Deb Brandon: Living in Radiant Color

Tangle

I drifted towards the light, a white, pure light. I wanted to become one with it. I felt warm, at peace. I was. Time was irrelevant. Until I realizedI was floating in place, no longer drifting upward.
I was vaguely disappointed as I regained awareness, awakening into a dark room, my room in rehab. I was disoriented, confused. Where was the light? Where was I? What had just happened?
I felt detached from the world around me when I emerged from the grand-mal seizure. I was an outsider, baffled, numb.
“You’re going to the neuro-ICU.”
What? Why? I didn’t understand. I was supposed to be discharged from rehab the next day. I was supposed to be going home. I couldn’t go back to the ICU. I was done with all that. “I’ll be coming back here, won’t I?”
I relaxed when the nurses assured me that I’ll be returning to the rehab center when all this was over. Whatever this was.
The numbness and confusion stayed with me for several months, through a third brain surgery, my return home, early recovery. That same numbness, detachment, resurfaces every so often. I am still trying to understand what happened to me, what is happening to me, why it won’t go away.
I occasionally wish someone would rescue me, take the bloody brain away.
Hold it! Why am I writing about wanting to be rescued? Though true, I don’t see how I got there.
I’d been writing about other events where I wanted to be rescued. The time when I was thirteen and found myself in a hospital room with a burnt soldier. I’d been distributing candy among the the wounded soldiers from the Yom Kippur War. Somebody had the brilliant idea to send us, a group of girl-scouts over to Rambam Hospital to cheer up the soldiers. And there I was, in a white hospital room, white walls, white bedding, white lighting, with a burnt soldier and his visitor. I stood frozen, my bag of candy tilted towards him, with no clue what to do, wishing the visitor would rescue me and reach out for the candy.
I’d been writing about the time when I tried to understand how a friend, Menachem, had fallen to his death. I was seventeen, on a hike with my boyfriend, Amir, and Menachem and his girlfriend, Naomi.
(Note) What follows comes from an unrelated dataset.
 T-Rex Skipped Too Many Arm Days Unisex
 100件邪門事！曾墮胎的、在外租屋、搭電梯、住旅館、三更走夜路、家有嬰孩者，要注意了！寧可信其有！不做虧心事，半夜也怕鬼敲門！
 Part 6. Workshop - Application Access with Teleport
Naomi, Amir, the EMTs, and the police officers tried to protect me from the horror of Menachem’s death, from the sight of his broken body, his brain spattered across the rocks.
I’d been writing about my first grand mal seizure which took place between my first two brain surgeries, when I was forty seven years old.
I’d been writing about the numbness I felt after these events, my difficulties processing them. Except that I felt no numbness after that seizure. I knew exactly what happened and I knew about the possible implications, that the neurosurgeon might postpone the second brain surgery to six months away. No, I didn’t feel numb. In fact, I was very much grounded—I was swearing. I didn’t want to postpone the surgery. I wanted it over with so I could move on and start rebuilding my life, a life that had been brought to a halt by my brain bleeds. I’d been writing about numbness, a numbness I felt after my encounter with the burnt soldier and after Menachem’s fall to his death.
And my story of my second grand-mal seizure, which occurred the day before I was to be discharged, slipped it, near death experience and all. I definitely felt numb after that one, confused, incapable of processing it and the third surgery that followed it.
Three events, the burnt soldier, Menachem, and the near death experience. Three traumatic events, intertwined in my mind, tangled.